• **Your objective**
Give again, unaltered, the lines of the listing below that run from the line having "Texture for judge bear" through the line having "Продава се Парцел".

• **Records supplied**

= Beginning of Section =

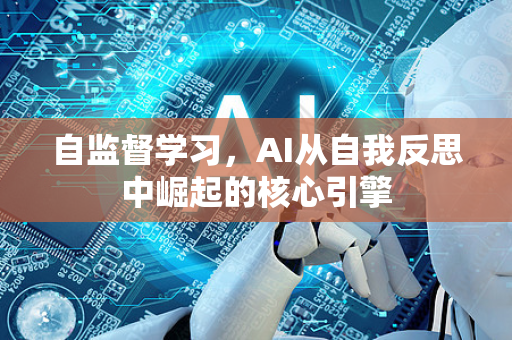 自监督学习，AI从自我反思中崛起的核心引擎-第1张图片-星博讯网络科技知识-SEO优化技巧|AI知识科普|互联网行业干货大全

= End of Section =
= Beginning of Section =

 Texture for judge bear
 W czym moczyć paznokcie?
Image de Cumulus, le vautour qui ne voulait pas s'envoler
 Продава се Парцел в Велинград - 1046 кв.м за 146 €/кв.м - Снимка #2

= End of Section =

• **Exercise result**
 Texture for judge bear
 W czym moczyć paznokcie?
Image de Cumulus, le vautour qui ne voulait pas s'envoler
 Продава се Парцел в Велинград - 1046 кв.м за 146 €/кв.м - Снимка #2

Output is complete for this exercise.